| Safe Haskell | None |
|---|---|
| Language | Haskell2010 |
Data.Equality.Graph.Lens
Contents
Description
Hand-rolled lenses on e-graphs and e-classes which come in quite handy, are
heavily used in Graph, and are the only exported way of
editing the structure of the e-graph. If you want to write some complex
Analysis you'll probably need these.
Synopsis
- type Lens' s a = forall (f :: Type -> Type). Functor f => (a -> f a) -> s -> f s
- type Lens s t a b = forall (f :: Type -> Type). Functor f => (a -> f b) -> s -> f t
- type Traversal s t a b = forall (f :: Type -> Type). Applicative f => (a -> f b) -> s -> f t
- _class :: forall a (l :: Type -> Type). ClassId -> Lens' (EGraph a l) (EClass a l)
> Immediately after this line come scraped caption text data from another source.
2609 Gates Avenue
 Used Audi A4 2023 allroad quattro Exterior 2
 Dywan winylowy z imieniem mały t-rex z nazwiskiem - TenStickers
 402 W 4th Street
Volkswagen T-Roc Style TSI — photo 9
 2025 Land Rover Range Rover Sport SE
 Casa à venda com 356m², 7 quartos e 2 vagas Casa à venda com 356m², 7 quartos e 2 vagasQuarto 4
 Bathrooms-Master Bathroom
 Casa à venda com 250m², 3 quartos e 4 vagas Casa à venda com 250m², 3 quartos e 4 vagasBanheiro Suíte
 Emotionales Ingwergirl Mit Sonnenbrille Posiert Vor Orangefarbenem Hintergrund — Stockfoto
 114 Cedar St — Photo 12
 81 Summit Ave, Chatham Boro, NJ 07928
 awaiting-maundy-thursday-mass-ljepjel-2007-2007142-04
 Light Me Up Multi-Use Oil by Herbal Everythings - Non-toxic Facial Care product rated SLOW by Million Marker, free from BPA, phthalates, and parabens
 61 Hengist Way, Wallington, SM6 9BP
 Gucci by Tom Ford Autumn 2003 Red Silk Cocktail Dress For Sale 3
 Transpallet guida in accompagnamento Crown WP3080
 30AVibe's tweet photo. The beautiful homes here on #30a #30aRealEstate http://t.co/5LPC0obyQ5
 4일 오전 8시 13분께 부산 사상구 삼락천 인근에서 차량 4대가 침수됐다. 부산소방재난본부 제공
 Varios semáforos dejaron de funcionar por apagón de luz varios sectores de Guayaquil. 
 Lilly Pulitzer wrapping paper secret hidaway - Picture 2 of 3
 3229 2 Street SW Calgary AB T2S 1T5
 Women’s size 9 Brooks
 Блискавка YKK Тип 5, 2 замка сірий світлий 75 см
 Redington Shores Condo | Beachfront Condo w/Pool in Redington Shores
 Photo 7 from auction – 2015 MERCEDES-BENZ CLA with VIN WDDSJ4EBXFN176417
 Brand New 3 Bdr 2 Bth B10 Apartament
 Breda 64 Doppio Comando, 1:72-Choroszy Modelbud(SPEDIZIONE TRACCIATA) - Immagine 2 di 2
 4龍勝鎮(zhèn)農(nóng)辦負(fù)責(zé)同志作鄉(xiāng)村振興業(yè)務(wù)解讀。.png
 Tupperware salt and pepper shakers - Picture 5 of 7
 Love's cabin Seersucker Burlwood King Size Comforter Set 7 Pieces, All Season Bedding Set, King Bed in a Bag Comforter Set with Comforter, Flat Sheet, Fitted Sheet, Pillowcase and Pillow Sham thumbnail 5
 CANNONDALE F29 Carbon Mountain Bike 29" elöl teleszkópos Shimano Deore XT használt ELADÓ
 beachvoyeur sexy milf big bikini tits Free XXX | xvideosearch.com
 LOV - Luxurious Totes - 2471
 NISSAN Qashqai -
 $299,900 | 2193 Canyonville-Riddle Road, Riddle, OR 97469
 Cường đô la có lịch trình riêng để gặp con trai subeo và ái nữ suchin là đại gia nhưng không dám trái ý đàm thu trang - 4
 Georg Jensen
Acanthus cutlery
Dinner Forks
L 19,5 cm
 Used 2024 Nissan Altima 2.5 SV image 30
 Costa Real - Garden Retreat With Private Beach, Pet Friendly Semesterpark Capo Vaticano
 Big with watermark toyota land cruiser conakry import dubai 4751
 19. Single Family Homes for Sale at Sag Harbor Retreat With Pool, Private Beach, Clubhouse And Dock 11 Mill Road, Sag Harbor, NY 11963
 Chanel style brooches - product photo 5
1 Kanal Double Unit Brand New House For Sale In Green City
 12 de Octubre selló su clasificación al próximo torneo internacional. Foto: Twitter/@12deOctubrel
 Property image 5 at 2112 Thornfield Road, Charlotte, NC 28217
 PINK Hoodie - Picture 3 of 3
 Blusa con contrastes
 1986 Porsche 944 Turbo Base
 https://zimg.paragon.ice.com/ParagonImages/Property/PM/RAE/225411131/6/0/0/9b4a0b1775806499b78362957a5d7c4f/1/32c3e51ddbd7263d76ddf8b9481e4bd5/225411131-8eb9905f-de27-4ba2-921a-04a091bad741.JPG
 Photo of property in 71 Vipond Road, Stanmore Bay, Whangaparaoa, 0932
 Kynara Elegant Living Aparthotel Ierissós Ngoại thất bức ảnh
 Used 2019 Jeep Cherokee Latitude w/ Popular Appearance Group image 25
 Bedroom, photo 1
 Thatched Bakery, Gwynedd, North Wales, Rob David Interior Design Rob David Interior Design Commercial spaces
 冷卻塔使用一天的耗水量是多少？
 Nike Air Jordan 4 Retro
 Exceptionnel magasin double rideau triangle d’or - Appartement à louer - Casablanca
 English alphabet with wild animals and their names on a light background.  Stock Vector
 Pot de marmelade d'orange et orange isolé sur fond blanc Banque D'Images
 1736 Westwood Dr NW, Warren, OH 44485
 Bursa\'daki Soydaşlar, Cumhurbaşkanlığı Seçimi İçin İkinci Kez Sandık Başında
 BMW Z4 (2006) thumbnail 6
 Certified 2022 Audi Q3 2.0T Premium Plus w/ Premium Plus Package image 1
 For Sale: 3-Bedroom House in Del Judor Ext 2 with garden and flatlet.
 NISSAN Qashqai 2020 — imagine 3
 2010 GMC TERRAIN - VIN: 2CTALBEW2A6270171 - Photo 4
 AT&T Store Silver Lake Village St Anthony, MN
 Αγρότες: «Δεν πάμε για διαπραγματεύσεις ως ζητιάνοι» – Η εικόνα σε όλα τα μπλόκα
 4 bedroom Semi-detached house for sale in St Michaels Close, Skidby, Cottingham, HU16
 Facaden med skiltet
- _memo :: forall a (l :: Type -> Type) f. Functor f => (NodeMap l ClassId -> f (NodeMap l ClassId)) -> EGraph a l -> f (EGraph a l)
- _classes :: forall a (l :: Type -> Type) b f. Applicative f => (EClass a l -> f (EClass b l)) -> EGraph a l -> f (EGraph b l)
- _iclasses :: forall a (l :: Type -> Type) b f. Applicative f => ((ClassId, EClass a l) -> f (EClass b l)) -> EGraph a l -> f (EGraph b l)
- _data :: forall domain (l :: Type -> Type) domain' f. Functor f => (domain -> f domain') -> EClass domain l -> f (EClass domain' l)
- _parents :: forall a (l :: Type -> Type) f. Functor f => (SList (ClassId, ENode l) -> f (SList (ClassId, ENode l))) -> EClass a l -> f (EClass a l)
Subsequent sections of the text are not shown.